How can we modify the flexibility of the models we have considered?

#### 9.4.0.1 Linear Models

To increase the flexibility of linear models, add additional transformed features or simply add features.

For example a model that assumes a quadratic mean function

\[ \mu_1(x) = \beta_0 + \beta_1 x + \beta_2 x ^ 2 \]

is more flexible than a model that assumes a linear mean function

\[ \mu_2(x) = \beta_0 + \beta_1 x \]

The model that assumes a quadratic mean function **can** learn a linear mean function, but this added flexibility comes with a price. (Possible overfitting.)

Similarly, a model that assumes the mean function is a function of two features

\[ \mu_1(x) = \beta_0 + \beta_1 x_1 + \beta_2 x_2 \]

is more flexible than a model that assumes the mean function is only a function of one of these features.

\[ \mu_2(x) = \beta_0 + \beta_1 x \]

#### 9.4.0.2 k-Nearest Neighbors

Given a set of feature variables, as \(k\) increases, model flexibility **decreases.** (Note that adding and removing features does have an effect on model flexibility, generally adding flexibility with additional features, there are situations where adding features will decrease training error.)

#### 9.4.0.3 Decision

Given a set of feature variables, as `cp`

increases, model flexibility **decreases.** (Note that adding and removing features does have an effect on model flexibility, generally adding flexibility with additional features, there are situations where adding features will decrease training error.)

## 9.5 Overfitting

Overfitting occurs when we have fit to not just the **signal** but also the **noise.** That is, a model performs too well on the training data.

Let’s take a look at this visually.

In each of the plots above, the dashed black curve represents the true mean function of interest, in this case,

\[ \mu(x) = \sin(x) \]

with points simulated about this mean according to a standard normal. (That is, the noise is standard normal.)

We see that the model with \(k = 1\) has fit far too well to the training data. The estimated mean function, seen in green, goes through each training point. That is, there is no training error. This model is **too flexible** and is **overfitting**. We have learned **both** the signal and the noise, thus this model will predict poorly on new data.

The model with \(k = 25\) has fits the training data poorly. The estimated mean function, seen in red, does not match the true mean function well. The points are far from the estimated mean function. his model is **too inflexible** and is **underfitting**. It has learned neither the signal not the noise.

The model with \(k = 5\) seems like a reasonable in-between.
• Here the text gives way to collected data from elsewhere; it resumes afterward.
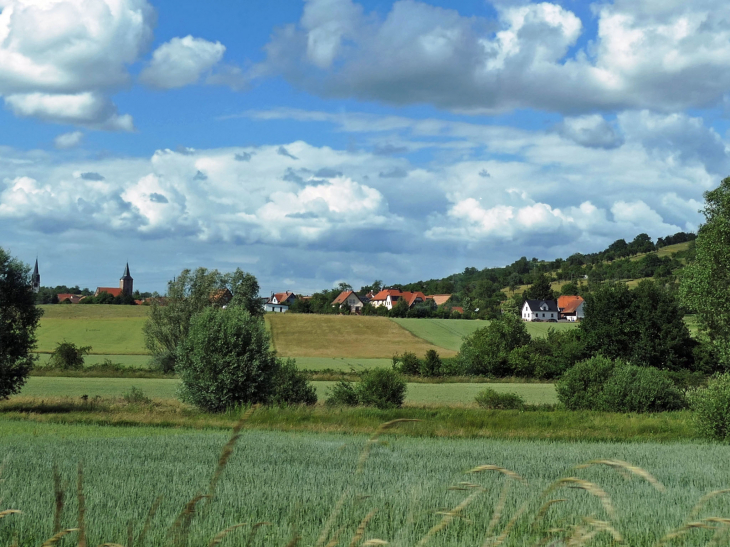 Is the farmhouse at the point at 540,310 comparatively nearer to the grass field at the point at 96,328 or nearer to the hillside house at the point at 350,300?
the hillside house at the point at 350,300

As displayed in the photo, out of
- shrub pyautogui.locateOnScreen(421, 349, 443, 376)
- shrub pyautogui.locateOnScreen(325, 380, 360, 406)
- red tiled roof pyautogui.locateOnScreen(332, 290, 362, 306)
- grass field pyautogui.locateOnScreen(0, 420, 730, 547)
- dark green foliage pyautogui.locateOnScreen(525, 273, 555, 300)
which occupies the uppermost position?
red tiled roof pyautogui.locateOnScreen(332, 290, 362, 306)

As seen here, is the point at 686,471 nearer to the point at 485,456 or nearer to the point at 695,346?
the point at 485,456

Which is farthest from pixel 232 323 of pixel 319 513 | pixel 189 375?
pixel 319 513

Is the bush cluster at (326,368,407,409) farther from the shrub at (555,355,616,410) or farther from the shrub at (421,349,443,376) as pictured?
the shrub at (421,349,443,376)

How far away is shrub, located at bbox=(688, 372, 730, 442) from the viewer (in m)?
20.1

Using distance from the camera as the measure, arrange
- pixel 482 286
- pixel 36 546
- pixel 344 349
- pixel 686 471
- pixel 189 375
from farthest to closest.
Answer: pixel 482 286 < pixel 344 349 < pixel 189 375 < pixel 686 471 < pixel 36 546

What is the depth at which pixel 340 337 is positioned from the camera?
8588cm

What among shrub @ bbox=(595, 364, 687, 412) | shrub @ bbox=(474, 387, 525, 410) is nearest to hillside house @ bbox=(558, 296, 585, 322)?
shrub @ bbox=(474, 387, 525, 410)

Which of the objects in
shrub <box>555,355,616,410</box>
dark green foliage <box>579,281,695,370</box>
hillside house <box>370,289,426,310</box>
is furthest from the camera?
hillside house <box>370,289,426,310</box>

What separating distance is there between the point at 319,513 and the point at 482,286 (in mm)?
170950

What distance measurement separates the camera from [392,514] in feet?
24.4

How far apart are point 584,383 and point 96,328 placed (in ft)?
233

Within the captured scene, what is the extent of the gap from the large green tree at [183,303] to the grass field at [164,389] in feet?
33.7

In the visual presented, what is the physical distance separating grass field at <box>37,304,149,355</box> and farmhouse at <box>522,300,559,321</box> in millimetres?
88096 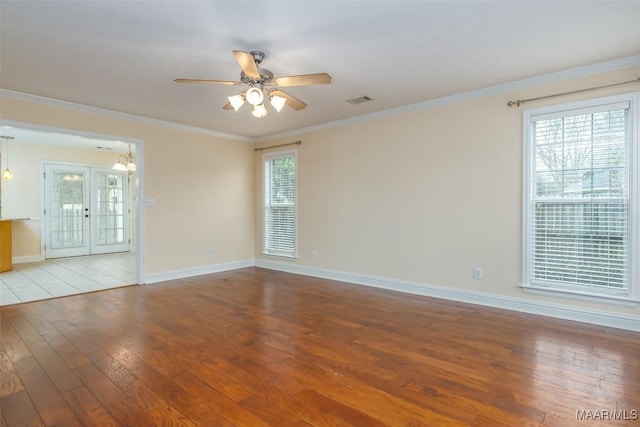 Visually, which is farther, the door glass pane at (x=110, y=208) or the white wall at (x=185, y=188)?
the door glass pane at (x=110, y=208)

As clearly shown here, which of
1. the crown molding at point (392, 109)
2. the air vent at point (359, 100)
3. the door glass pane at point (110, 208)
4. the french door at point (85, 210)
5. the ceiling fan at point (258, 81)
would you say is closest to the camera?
the ceiling fan at point (258, 81)

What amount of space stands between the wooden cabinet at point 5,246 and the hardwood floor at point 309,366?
310 centimetres

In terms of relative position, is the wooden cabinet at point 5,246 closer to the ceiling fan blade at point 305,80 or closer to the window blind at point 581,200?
the ceiling fan blade at point 305,80

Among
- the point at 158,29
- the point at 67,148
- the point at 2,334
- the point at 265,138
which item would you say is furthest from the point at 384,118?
the point at 67,148

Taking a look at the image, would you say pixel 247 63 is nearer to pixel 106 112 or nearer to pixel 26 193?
pixel 106 112

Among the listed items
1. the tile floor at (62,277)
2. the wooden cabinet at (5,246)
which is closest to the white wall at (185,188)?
the tile floor at (62,277)

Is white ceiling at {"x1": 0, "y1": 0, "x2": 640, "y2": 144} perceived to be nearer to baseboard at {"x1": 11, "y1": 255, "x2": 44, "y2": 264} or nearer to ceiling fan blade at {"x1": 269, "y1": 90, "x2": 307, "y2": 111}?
ceiling fan blade at {"x1": 269, "y1": 90, "x2": 307, "y2": 111}

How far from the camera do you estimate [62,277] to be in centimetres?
559

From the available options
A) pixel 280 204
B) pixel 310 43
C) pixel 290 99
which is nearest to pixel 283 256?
pixel 280 204

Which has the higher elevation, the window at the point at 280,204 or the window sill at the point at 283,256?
the window at the point at 280,204

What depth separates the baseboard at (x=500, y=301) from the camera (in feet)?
10.5

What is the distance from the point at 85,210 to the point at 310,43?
25.8 feet

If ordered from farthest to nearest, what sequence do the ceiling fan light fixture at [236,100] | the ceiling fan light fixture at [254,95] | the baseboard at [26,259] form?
the baseboard at [26,259]
the ceiling fan light fixture at [236,100]
the ceiling fan light fixture at [254,95]

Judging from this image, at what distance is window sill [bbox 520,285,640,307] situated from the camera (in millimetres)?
3129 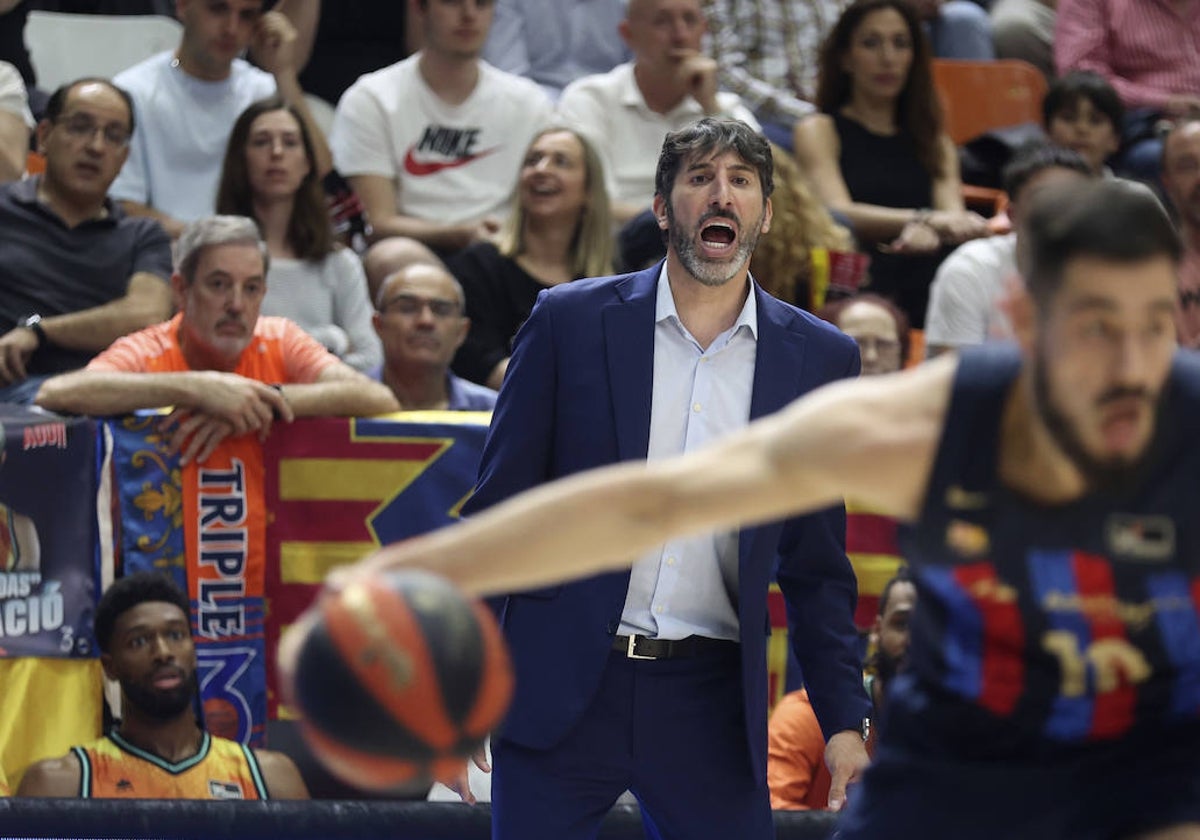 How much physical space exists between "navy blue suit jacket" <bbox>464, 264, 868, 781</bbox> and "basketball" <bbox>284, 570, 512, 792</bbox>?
1.26 meters

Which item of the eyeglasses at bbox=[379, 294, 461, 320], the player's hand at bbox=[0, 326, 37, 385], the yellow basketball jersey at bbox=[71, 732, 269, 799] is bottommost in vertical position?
the yellow basketball jersey at bbox=[71, 732, 269, 799]

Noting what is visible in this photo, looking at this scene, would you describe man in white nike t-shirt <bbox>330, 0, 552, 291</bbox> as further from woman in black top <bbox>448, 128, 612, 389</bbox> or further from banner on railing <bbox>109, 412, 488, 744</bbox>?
banner on railing <bbox>109, 412, 488, 744</bbox>

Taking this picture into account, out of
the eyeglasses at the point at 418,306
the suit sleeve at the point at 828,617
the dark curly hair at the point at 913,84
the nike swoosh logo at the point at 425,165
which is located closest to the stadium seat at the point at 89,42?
the nike swoosh logo at the point at 425,165

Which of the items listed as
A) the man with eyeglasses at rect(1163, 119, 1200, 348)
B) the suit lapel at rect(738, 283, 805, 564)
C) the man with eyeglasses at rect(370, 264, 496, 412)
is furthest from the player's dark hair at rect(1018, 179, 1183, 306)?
the man with eyeglasses at rect(1163, 119, 1200, 348)

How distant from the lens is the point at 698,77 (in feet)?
24.4

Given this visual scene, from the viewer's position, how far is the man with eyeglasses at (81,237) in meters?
6.21

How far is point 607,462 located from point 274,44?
4289mm

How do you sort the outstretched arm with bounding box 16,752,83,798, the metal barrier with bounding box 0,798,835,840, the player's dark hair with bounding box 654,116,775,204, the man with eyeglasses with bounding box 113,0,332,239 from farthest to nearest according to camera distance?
1. the man with eyeglasses with bounding box 113,0,332,239
2. the outstretched arm with bounding box 16,752,83,798
3. the metal barrier with bounding box 0,798,835,840
4. the player's dark hair with bounding box 654,116,775,204

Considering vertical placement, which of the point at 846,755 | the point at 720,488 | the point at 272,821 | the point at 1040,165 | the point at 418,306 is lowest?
the point at 272,821

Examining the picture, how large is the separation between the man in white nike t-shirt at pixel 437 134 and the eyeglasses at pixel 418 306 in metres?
1.06

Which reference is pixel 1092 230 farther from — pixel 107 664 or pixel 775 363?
pixel 107 664

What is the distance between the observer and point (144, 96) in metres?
7.11

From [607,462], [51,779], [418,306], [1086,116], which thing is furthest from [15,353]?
[1086,116]

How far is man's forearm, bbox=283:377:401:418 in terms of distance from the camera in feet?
18.0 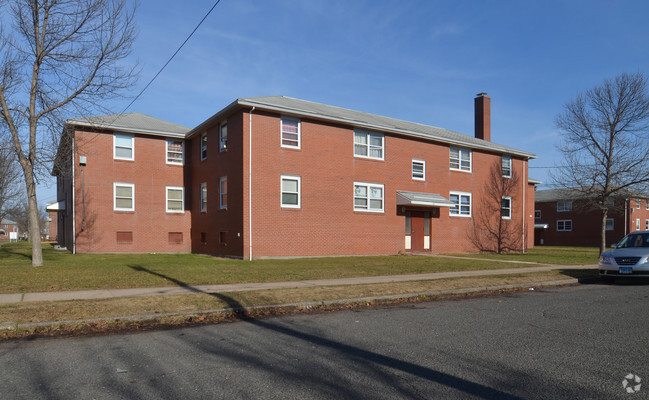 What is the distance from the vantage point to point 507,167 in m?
28.3

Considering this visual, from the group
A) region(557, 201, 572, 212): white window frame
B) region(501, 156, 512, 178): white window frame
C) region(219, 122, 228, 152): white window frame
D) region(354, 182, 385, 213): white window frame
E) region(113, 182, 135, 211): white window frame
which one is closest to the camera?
region(219, 122, 228, 152): white window frame

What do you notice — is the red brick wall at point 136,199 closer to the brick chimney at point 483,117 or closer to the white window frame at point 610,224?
the brick chimney at point 483,117

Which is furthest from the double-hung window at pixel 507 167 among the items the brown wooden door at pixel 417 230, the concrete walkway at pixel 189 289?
the concrete walkway at pixel 189 289

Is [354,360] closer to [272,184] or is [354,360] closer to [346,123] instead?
[272,184]

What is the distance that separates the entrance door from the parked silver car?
10003 millimetres

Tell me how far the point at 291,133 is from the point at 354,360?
15.1 meters

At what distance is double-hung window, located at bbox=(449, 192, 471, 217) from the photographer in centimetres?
2514

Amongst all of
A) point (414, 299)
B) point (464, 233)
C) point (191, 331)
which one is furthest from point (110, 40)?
point (464, 233)

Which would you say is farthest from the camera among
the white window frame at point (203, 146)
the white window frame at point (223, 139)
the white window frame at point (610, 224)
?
the white window frame at point (610, 224)

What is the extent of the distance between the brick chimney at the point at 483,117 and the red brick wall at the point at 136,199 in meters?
20.1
Doesn’t seem to be chasing noise. Seems to reasonably approximate the true mean function.

How do we assess over and underfitting in practice, when we don’t know the true mean function? We have to look at train and validation errors.

- Model that are probably
**underfitting**: “Large” Train RMSE and a Validation RMSE larger than the smallest. The less flexible, the more probable the underfitting. - Model that are probably
**overfitting**: “Small” Train RMSE and a Validation RMSE larger than the smallest. The more flexible, the more probable the overfitting.

The further a model is to the *left* of this plot, the greater the chance it is **underfit**. The further a model is to the *right* of this plot, the greater the chance it is **overfit**.

## 9.6 Bias-Variance Tradeoff

**Why** does changing the model flexibility influence the predictive performance of these models? The bias-variance tradeoff.

As models *increase* in **flexibility**,

**bias**is*decreased***variance**is*increased*

And together, the MSE is equal to the bias squared plus the variance.

However, the rate at which the variance increases can be and generally is different than the rate at which the bias deceases. This is why we must validate our models. Essentially, by modifying the model complexity and validating the results, we are trying to find the right balance between bias and variance.